The former world champion from Sweden is delighted that English lessons have been made a compulsory part of the Olympic preparation for Chinese table tennis players this year.
The policy has been introduced by China’s table tennis association to encourage its players to relate better to other competitors in a sport in which they swept away every individual medal in Beijing four years ago.
“For all countries this is very important,” said Persson, who is well-placed to make such a judgment since he will have competed in all seven Olympics of which table tennis has been a part since 1988.
“I hope they learn English so more people can understand them, so that the world can get to know them,” the 46-year-old Oslo-based player added. “They are nice people with nice personalities.

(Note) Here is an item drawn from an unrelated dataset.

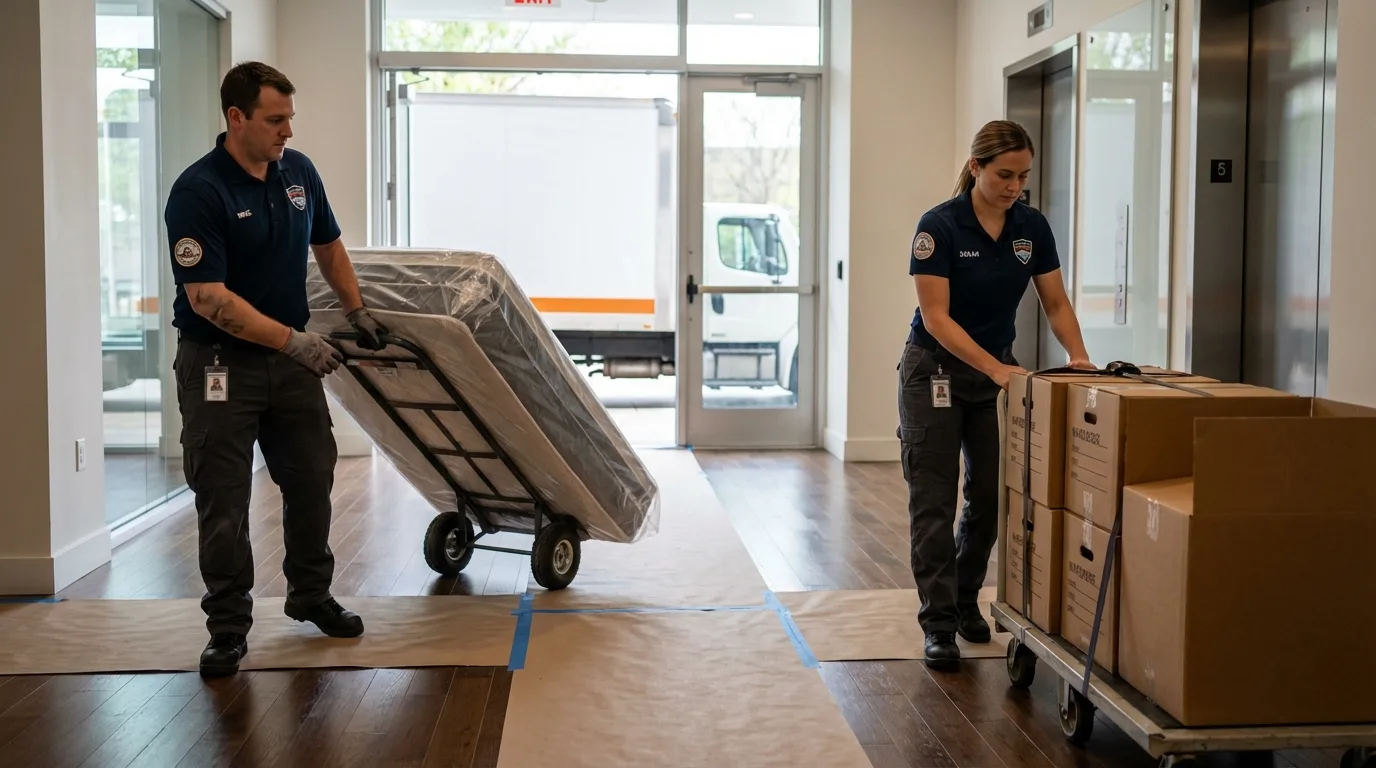 Professional apartment movers loading elevator in Grangeville, ID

“I like them. It would be really nice if they spend time learning English. You would like to be able to speak with them even more. You want to get to know them better.”
Persson’s opinions are shared by the President of the International Table Tennis Federation, Adham Sharara, who last month expressed his admiration for what the Chinese are attempting.
“If they communicate in English then the entire world will listen, which is an exceptionally positive step and adds an extra dimension to the global appeal of our sport,” Sharara said.
Table tennis has commanded a significant position within Chinese society for five decades and the language initiative is comparable with that of the so-called “ping pong diplomacy” of 1971, which helped China communicate with Western politicians.
So, despite the crushing dominance which Chinese players have long exerted on the game, Persson has been captivated by their social ambitions as well as their skill.
“I admire them and the way they have taken table tennis forwards,” he said, highlighting four of the all-time greats during his astonishing two-and-a-half decade career.
One is Jiang Jia-Liang, who became world champion at Gothenburg in 1985 and New Delhi in 1987 with a now unfashionable pen-grip style.
“He was a classic Chinese player, with a very strong forehand when you could play like that,” said Persson, referring to a tactical era when shots played on one side could dominate the entire table. “And he was very strong in the head.”
Another is Kong Linghui, the world champion at Tianjin in 1995. “He developed till he became strong all round. And he developed his mind. Those who win at the top level are all strong in the mind,” Person asserted.
A third is Wang Liqin, the world champion at Osaka, Shanghai and Zagreb in 2001, 2005, and 2007.
“Wang was fantastic,” he said. “His fitness was fantastic and he was strong in body and mind and strong in every way and could move very fast.”
And the current world champion, Zhang Jike, who won the title last year in Rotterdam, has become a true innovator, Persson reckons.
“He uses a backhand flick as a weapon from all over the table and developed it so it comes really quick. He developed the game and made it tougher to play against.
“I have been battling with these Chinese players and I admire them because they have developed the sport. But I admire them too because they are good sportsmen.
“It would be really great to think we can get to know them better. It would change things a lot.”
Persson, who won his world title at Chiba in Japan in 1991, will retire when these Olympic Games end.